Collected data entries:
========

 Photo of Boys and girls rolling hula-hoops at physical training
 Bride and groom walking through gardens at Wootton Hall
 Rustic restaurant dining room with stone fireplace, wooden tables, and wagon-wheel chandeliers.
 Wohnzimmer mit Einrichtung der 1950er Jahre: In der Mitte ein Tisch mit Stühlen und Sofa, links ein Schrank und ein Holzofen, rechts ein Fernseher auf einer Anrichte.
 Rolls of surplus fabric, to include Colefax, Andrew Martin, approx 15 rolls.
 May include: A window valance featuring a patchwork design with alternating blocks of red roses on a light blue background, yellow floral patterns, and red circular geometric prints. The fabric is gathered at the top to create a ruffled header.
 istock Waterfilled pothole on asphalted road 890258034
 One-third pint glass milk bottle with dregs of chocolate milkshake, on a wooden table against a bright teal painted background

========

#### Task statement:
Scan the data above for the word "include", then copy every line that holds it.

#### Exercise response:
 Rolls of surplus fabric, to include Colefax, Andrew Martin, approx 15 rolls.
 May include: A window valance featuring a patchwork design with alternating blocks of red roses on a light blue background, yellow floral patterns, and red circular geometric prints. The fabric is gathered at the top to create a ruffled header.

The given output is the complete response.